El 53% de la superficie de la Comunidad Valenciana es forestal. España es, solo por detrás de Finlandia, el país europeo con más bosque y el número uno en variedad y diversidad; desde la reliquia exclusiva de los pinsapares de Cádiz, a los hayedos y frondosos del norte, pasando por toda la gama de quercus de dehesas y montañas que junto a las especies de pináceas constituyen el corazón de nuestro mediterráneo.

Pero este gran patrimonio pierde su brillo si nos talan más almendros por la Xylella fastidiosa, si no hay relevo generacional por falta de rentabilidad en el campo… Nada tiene sentido si los bosques pierden sus guardianes, unos trabajadores de vocación llamados agricultores y ganaderos.

Desde la administración nos dicen que es imposible actuar en la limpieza del terreno forestal por su magnitud; mejor dejarlos a la buena ventura y que pase lo que tenga que pasar.
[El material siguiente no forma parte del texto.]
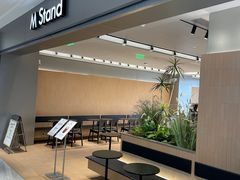 -M Stand(北京平安幸福中心店)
En la Marina Alta y otras partes de la provincia están muriendo los pinos y muy rápido, pues no hay agua para todos. Entonces, llegan plagas como el tomicus, un pequeño escarabajo que actúa como especie oportunista y auténtico enterrador de los árboles debilitados por un clima enloquecido. El efecto es devastador, ya lo vimos en la sierra de Orihuela en el 2014 cuando se llevó por delante todas las pinadas que oxigenaban y daban frescor a la ciudad. Las plagas de terceros países nos están expulsando de nuestras propias explotaciones dejándonos en una situación de absoluta vulnerabilidad por una política sesgada medioambientalista que nos priva de productos fitosanitarios con los que mantener nuestros cultivos sanos y activos.
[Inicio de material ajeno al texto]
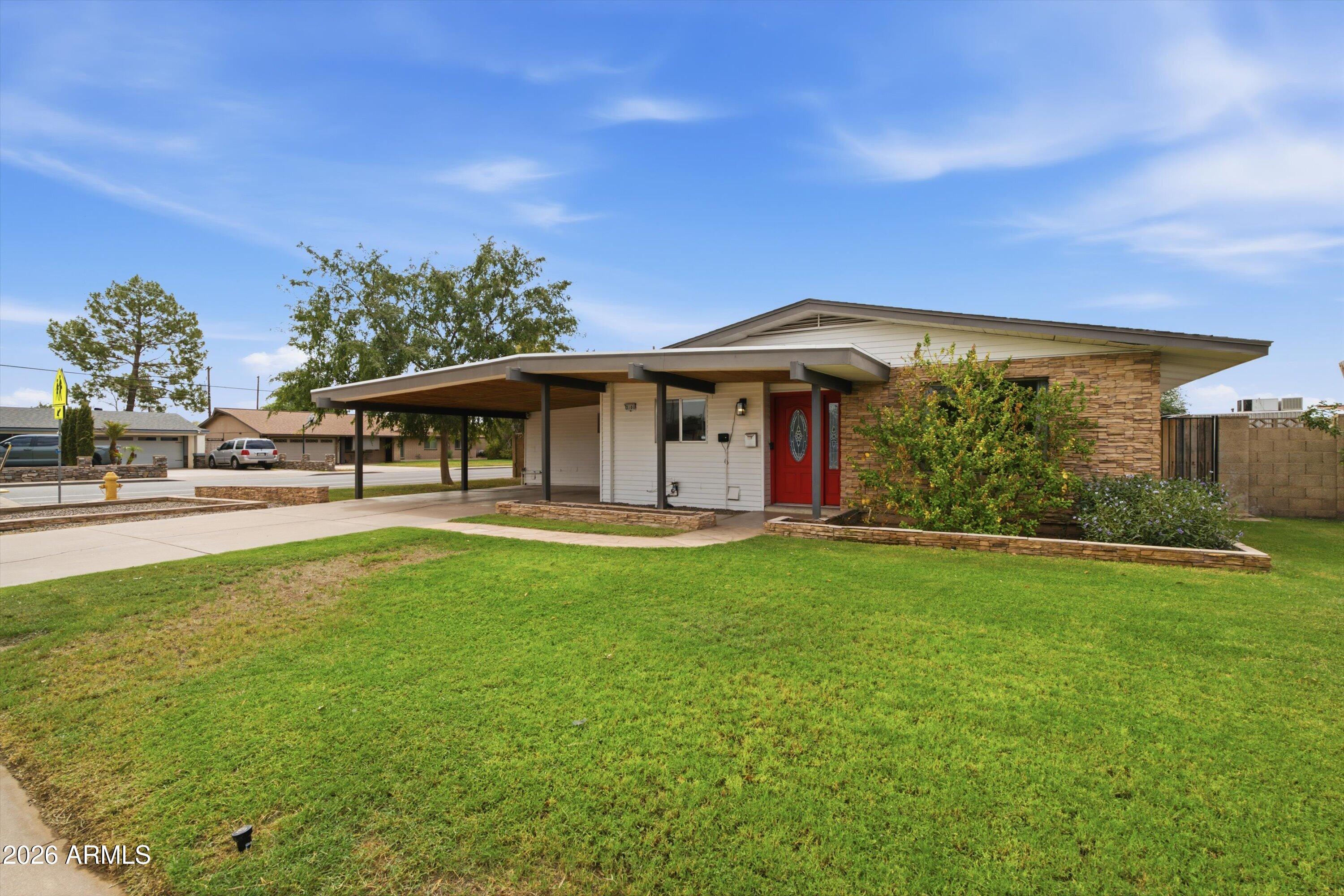3101 W Ocotillo Road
Entonces, ¿quién debe cuidar esos bosques que devoran las explotaciones agrarias? ¿Quién debe vigilar la fauna y mantener esas fuentes de vida, con vida?

Se acaba de desarrollar una ley en Europa para la restauración de la naturaleza que complicará aún más, si cabe, la actividad agrícola y ganadera, pero nadie se acuerda de legislar sobre el buen estado de salud de nuestros bosques. El mantra es proteger y sobreproteger el medioambiente, pero ¿quién lo mantiene?

La respuesta es sencilla. Todos, como sociedad, y la administración, como representante de ella, siguen olvidando que nosotros somos los auténticos custodios de la diversidad y que los incendios, las plagas y muchos de los males que padecemos solo podrán controlarse si se respeta al medio rural y a sus agricultores.